5. Le ricordate conclusioni risultano, peraltro, congrue e conformi a diritto perchè si collocano nell’alveo del condiviso orientamento di legittimità, anche di recente consolidatosi, secondo cui in tema di licenziamento per giustificato motivo oggettivo, sebbene non sussista un onere del lavoratore di indicare quali siano al momento del recesso i posti esistenti in azienda ai fini del “repechage”, ove il lavoratore medesimo, in un contesto di accertata e grave crisi economica ed organizzativa dell’impresa, indichi le posizioni lavorative a suo avviso disponibili e queste risultino insussistenti, tale verifica ben può essere utilizzata dal giudice al fine di escludere la possibilità del predetto repèchage (vedi Cass. 23/5/2018 n. 12794, Cass. 22/11/2018 n. 30259, Cass. 20/7/2020 n. 15401).

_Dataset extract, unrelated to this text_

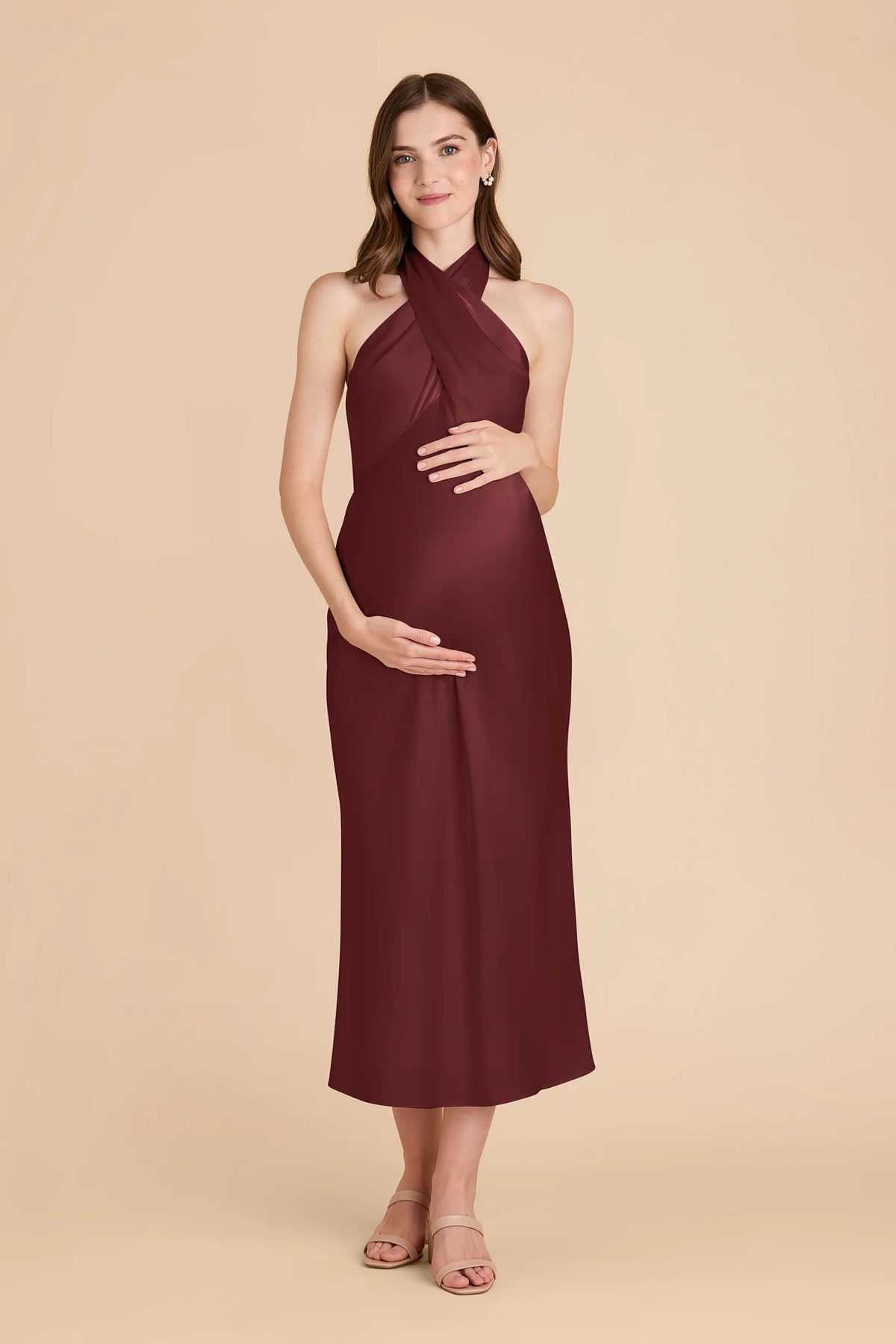 Seraphine Cabernet alternate view 1 bridesmaid dress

La fattispecie sottoposta allo scrutinio della Corte di merito è stata, dunque, congruamente definita nei suoi elementi costitutivi, e sottoposta ad un argomentato ragionamento interpretativo che esclude il vizio di violazione di legge denunciato, ossia di erronea ricognizione, da parte del provvedimento impugnato, della fattispecie astratta recata da una previsione normativa, implicante un problema interpretativo della stessa, così come di falsa applicazione della legge, che consiste nella sussunzione della fattispecie concreta in una qualificazione giuridica che non le si addice perchè la fattispecie astratta da essa prevista non è idonea a regolarla, oppure nel trarre dalla norma, in relazione alla fattispecie concreta, conseguenze giuridiche che ne contraddicono la pur corretta interpretazione (vedi ex plurimis, Cass. 30/4/2018 n. 10320; Cass. 25/9/2019 n. 23851).

Nella descritta prospettiva deve concludersi che l’impianto argomentativo che innerva l’impugnata sentenza non vulneri i consolidati dicta che governano la materia delibata, secondo le linee interpretative innanzi enunciate.

6. Al lume delle sinora esposte considerazioni, il ricorso è respinto.

La regolazione delle spese inerenti al presente giudizio, segue il regime della soccombenza, nella misura in dispositivo liquidata.

Trattandosi di giudizio instaurato successivamente al 30 gennaio 2013 sussistono le condizioni per dare atto – ai sensi al D.P.R. n. 115 del 2002, art. 13, comma 1 quater – della sussistenza dei presupposti processuali per il versamento, da parte della ricorrente, dell’ulteriore importo a titolo di contributo unificato pari a quello previsto per il ricorso a norma dello stesso art. 13, comma 1 bis, ove dovuto.

PQM

La Corte rigetta il ricorso. Condanna il ricorrente al pagamento delle spese del presente giudizio che liquida in Euro 200,00 per esborsi ed Euro 5.250,00 per compensi professionali, oltre spese generali al 15%. ed accessori di legge.

Ai sensi del D.P.R. n. 115 del 2002, art. 13, comma 1 quater, dà atto della sussistenza dei presupposti processuali per il versamento, da parte della ricorrente, dell’ulteriore importo a titolo di contributo unificato pari a quello previsto per il ricorso a norma dello stesso art. 13, comma 1 bis, ove dovuto.

Così deciso in Roma, il 3 dicembre 2020.